À la question où on lui demande s’il est un artiste, Louis Robert répond rapidement que oui. «Il y a beaucoup de gens qui se lancent dans le tatouage pour le côté monétaire. Tout le monde est capable de prendre un dessin, le calquer et le reproduire. Dans mon cas, chacun de mes tatouages est une création unique, inspirée de choses qui existent ou non». Charlie, lui, fait aussi de la peinture dans ses temps libres. «Je suis un artiste dans mon métier. Plutôt que d’avoir un canevas inerte, mon canevas en tatouage est vivant. C’est plus risqué d’œuvrer et de créer en tatouage, car on ne peut recommencer, l’encre étant permanente. Si tu constates sur un tableau que tes ombrages ou tes lumières sont mal disposés, tu peux te reprendre.»

Charlie remarque aussi que les dessins sont plus pensés et évolués qu’à ses débuts. «À l’origine, les gars se faisaient faire un Taz et les filles un Tweety bird. C’était absurde et cliché comme ça. Aujourd’hui, les gens veulent des pièces plus artistiques». Si la démarche peut être complexe, Charlie est l’un de ceux vers qui les gens se dirigent lorsque leur tatouage ne répond pas à leurs attentes. «Il arrive souvent que j’aie à réparer ou corriger un tatouage réalisé par quelqu’un d’autre. C’est là où ma créativité me rend service beaucoup. Trop de personnes s’improvisent tatoueurs aujourd’hui puisque l’équipement est facilement accessible. Par conséquent, plus de personnes se promènent avec des ratés.»

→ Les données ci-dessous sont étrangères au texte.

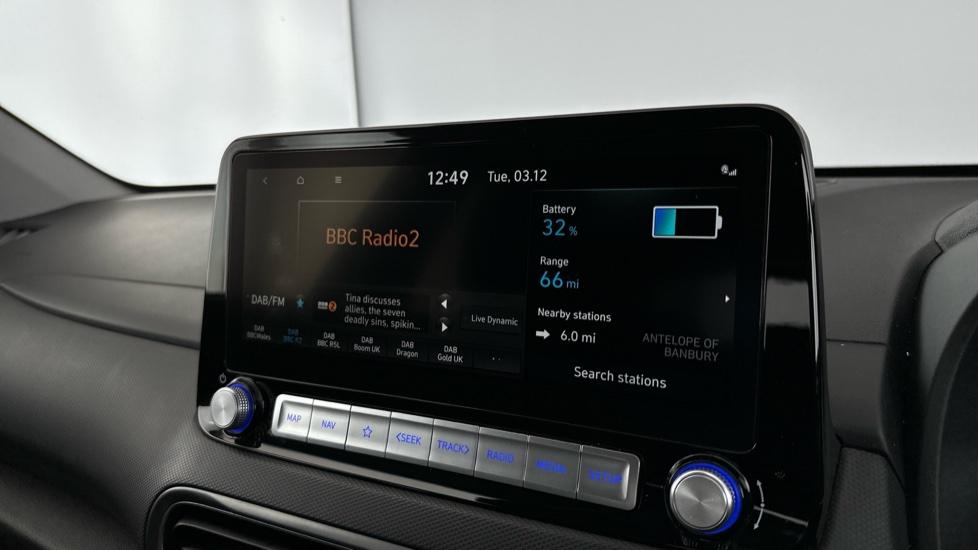 DAB Radio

Un festival Kustom Kulture

Louis Robert est à l’origine d’un salon sur le tatouage qui aura lieu à Lévis en août prochain. En compagnie de ses partenaires, il espère présenter une convention de tatouage internationale appelée le qui devrait regrouper à la fois le tatouage, mais aussi la culture Hot Rod des années 50′, jumelée à d’autres thématiques.

Concours de tatouages, séminaires de formation, ateliers et échanges permettront aux tatoueurs de parfaire leur art. Des voitures antiques, des Hot Rods, un marché d’articles d’autrefois, surtout les années 50′, et des spectacles meubleront la programmation qui est toujours en développement. «Ce sera très gros. Nous avons réservé le Centre des congrès de Lévis pour le week-end des 13-14 et 15 août au grand complet. Jusqu’à l’an dernier, rien n’existait au Québec. On s’inspire de ce qui se fait ailleurs à Las Vegas par exemple. Sauf que ce sera plus large qu’une simple rencontre sur le tatouage», raconte Louis Robert qui espère en faire une tradition.